Phase II year
2019
(last award dollars: 2020)
Phase II Amount
$1,388,427
The most significant advance in the treatment of Myocardial Infarction (MI) has been reperfusion therapy, which must be applied immediately after the MI diagnosis has been made. Despite the thousands of studies on drug therapies designed to reduce the size of the MI, most have failed in clinical trials. Our hypothesis is that a major reason why these drugs failed is that they must be administered before therapeutic cardiac catheterization is performed. This significantly limits their utility in the clinical setting. The current proposal is based on studies in the Adenylyl Cyclase type 5 (AC5) knock out mouse model, which is protected against myocardial ischemia, obesity, diabetes and has enhanced exercise capacity and lives longer than wild type. Our preliminary data demonstrate that pharmacological inhibitors of the AC5 enzyme have a unique advantage in that they reduce infarct size even when administered after coronary reperfusion. We have developed a novel, more potent and more selective AC5 inhibitor, C90, which is particularly attractive because it is a potent non-nucleoside adenine AC5 inhibitor and also is not toxic. We have a patent pending on C90 and selected this compound for clinical development based on efficacy, pharmacology and safety. Preliminary data indicate that C90 can reduce infarct size when administered after reperfusion by more than 50% in a mouse MI model. The goal of this proposal is to obtain proof-of-principle in mice, in Watanabe rabbits with atherosclerosis and in a large mammalian animal model for infarct size, cardiac function and complete IND-enabling pharmacology, ADME and toxicology studies.

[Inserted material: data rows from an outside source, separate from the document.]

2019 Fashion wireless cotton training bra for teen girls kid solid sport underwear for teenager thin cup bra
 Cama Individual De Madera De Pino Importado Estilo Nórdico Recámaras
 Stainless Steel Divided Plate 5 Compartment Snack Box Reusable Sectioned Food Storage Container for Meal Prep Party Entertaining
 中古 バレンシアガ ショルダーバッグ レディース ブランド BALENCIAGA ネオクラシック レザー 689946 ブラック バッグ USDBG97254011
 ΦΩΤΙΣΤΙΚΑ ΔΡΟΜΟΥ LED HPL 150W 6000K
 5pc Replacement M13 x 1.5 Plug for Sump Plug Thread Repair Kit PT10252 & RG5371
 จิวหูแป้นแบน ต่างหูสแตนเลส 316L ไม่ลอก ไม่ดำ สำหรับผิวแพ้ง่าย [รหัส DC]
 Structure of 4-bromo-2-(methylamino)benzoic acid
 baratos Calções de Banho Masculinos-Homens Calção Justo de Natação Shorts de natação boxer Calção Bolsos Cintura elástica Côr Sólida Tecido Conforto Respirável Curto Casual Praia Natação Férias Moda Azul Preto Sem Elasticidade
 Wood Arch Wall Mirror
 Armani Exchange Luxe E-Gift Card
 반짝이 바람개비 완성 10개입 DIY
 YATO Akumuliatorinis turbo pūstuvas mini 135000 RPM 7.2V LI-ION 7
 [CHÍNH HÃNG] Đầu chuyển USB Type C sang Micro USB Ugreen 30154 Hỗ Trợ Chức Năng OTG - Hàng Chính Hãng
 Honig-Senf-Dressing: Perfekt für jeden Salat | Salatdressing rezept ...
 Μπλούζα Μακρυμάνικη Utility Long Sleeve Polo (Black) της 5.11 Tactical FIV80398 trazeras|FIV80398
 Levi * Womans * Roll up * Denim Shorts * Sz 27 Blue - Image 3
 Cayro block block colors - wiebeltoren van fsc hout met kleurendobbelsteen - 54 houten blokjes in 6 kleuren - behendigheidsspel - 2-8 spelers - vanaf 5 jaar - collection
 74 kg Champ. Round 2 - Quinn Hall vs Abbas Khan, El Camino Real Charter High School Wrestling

Public Health Relevance Statement: PROJECT NARRATIVE Despite the advances in the treatment of Acute MI and Heart Failure (HF) over the past several decades, these diseases are the most significant health concerns in the U.S. The most important therapy is to open the occluded coronary artery by catheterization when the patient with MI enters the hospital. The goal of this research is to develop a new drug that when administered after the artery is opened reduces damage and helps to preserve recovery of myocardial function, protecting against the development of heart failure.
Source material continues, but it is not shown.